Raheem Sterling and Jorginho decisions were right, insists Uefa’s referee chief

Roberto Rosetti backs the calls made by Danny Makkelie and Bjorn Kuipers at Wembley

England’s  Jack Grealish  is challenged by Jorginho of Italy during the  Euro 2020 final at Wembley. Photograph:  John Sibley/Getty Images
England’s Jack Grealish is challenged by Jorginho of Italy during the Euro 2020 final at Wembley. Photograph: John Sibley/Getty Images

The head of referees at Euro 2020 has defended Danny Makkelie for awarding Raheem Sterling a penalty in England's semi-final and Bjorn Kuipers's decision not to send off Italy's Jorginho for a challenge on Jack Grealish in the final.

Roberto Rosetti backed the calls by showing footage and slides and explaining why VAR had not corrected either. Sterling's spot-kick came in extra time with England drawing 1-1 with Denmark after Makkelie adjudged Joakim Mæhle to have brought down the forward. Harry Kane's penalty was saved but he scored the winner from the rebound.

Rosetti, the Uefa referees’ committee chairman, asserted that there was no attempt by the defender to play the ball and showed a freeze frame of Mæhle’s leg in contact with Sterling’s. The decision was “not a scandal”, he said.

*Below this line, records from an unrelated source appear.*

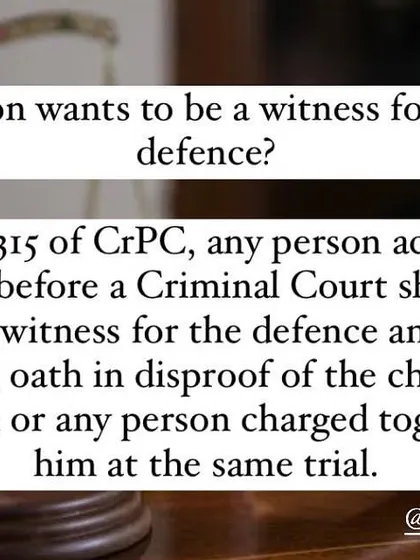 Under Section 315 of the CrPC, an accused person can choose to be a competent witness for their own defense.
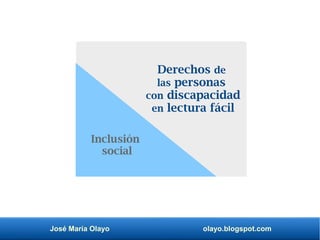 José María Olayo olayo.blogspot.com
Derechos de
las personas
con discapacidad
en lectura fácil
Inclusión
social
 
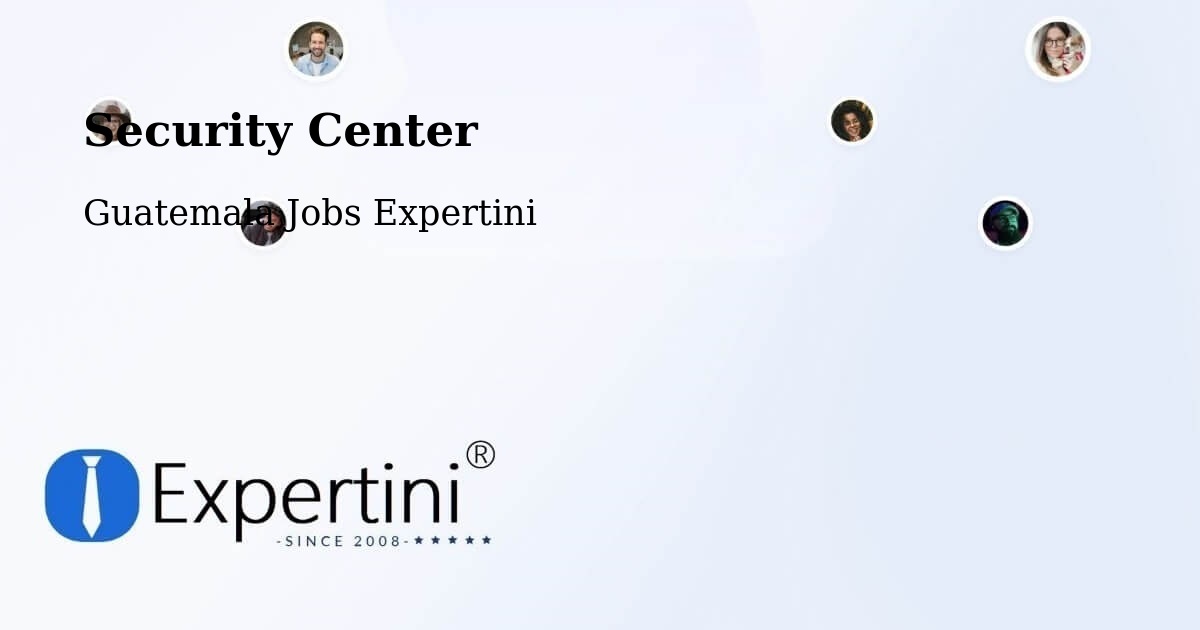Security & Compliance – Pastores - Guatemala Jobs Expertini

“He [Makkelie]saw red defender No 5 –– he didn’t play the ball,” Rosetti said. “The right leg of the defender, Danny saw the contact against the right leg of the white [England] player. This is what the referee saw in the field of play and VAR confirmed the decision: the red 5 defender didn’t touch the ball. We can discuss the intensity of the contact of course but we always want the referee to be at the centre of the decision-making process.”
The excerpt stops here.